# Unit circle derived distribution

1. May 2, 2015

### rabbed

Hi

Assume an x-coordinate from the unit circle is picked from a uniform distribution.
This is the outcome of the random variable X with probability density function Xden(x) = 0.5 (-1 < x < 1).
The random variable Y is related to the random variable X by Y = f(X) = √(1-X2) and X = g(Y) = ±√(1-Y2).
What is the probability density function Yden(y)?

Since Yden(y) = Xden(g(y)) / |f'(g(y))|, i first calculate f'(x) = -x/√(1-x2).
Then Yden(y) = Xden( √(1-Y2) ) / f'( √(1-Y2) ) + Xden( -√(1-Y2) ) / f'( -√(1-Y2) )

I get Yden(y) = 0

Where do i go wrong?

Rgds
Rabbed

2. May 2, 2015

### wabbit

Your last formula looks (almost) correct but the result is not zero. What are the values of the Xden(..) in that formula and where did the absolute values go ? Also, do compute f'(g(y)), it will simplify.

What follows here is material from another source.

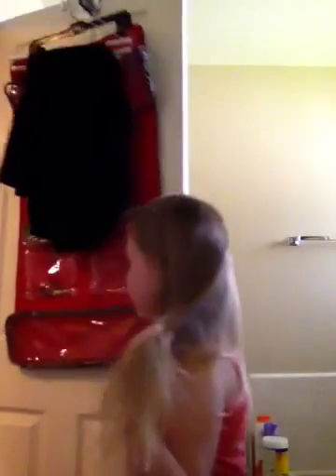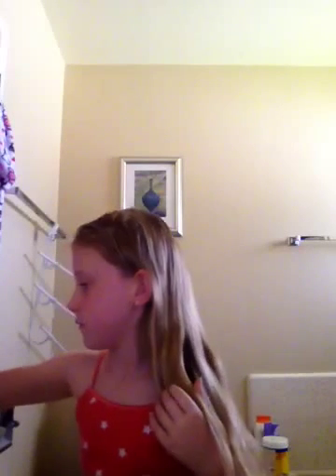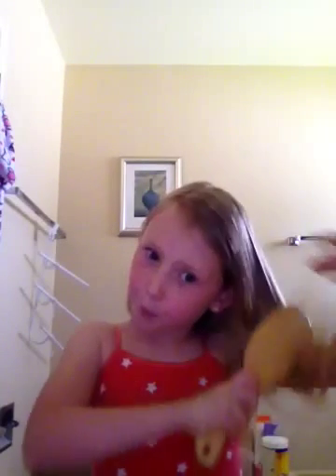Hi, this is Layla doing another video, and today I'm just gonna see what works out. I'll try my best, so let's get started. Right now I'm gonna take my slicking brush and brush it down.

As an aside, it's a personnal quirk perhaps but I never use the density formulas, it's easy to mishandle them - using cumulative distribution functions instead, you cannot go wrong.

3. May 2, 2015

### rabbed

Hey

I checked my calculation again (in particular the absolute values) and came up with this:
Yden(y) = √y2 / √(1-y2)
Don't know if that's correct.. i'll try do it the other way around, starting with Yden(y) to get Xden(x) = 0.5

How do you do this using CDF instead?

Rgds
Rabbed

4. May 2, 2015

### wabbit

That looks ok to me, you might replace $\sqrt{y^2}$ with just $y$ though : )

With the CDF $P(Y\leq y)=P(\sqrt{1-X^2}\leq y)=P(|X|\geq\sqrt{1-y^2})=1-\sqrt{1-y^2}$, differentiate and you get your result.
Of more general applicability, differentiate $P(|X|\geq\sqrt{1-y^2})$, this gives you the Y-PDF from the X-PDF without needing the actual X-CDF.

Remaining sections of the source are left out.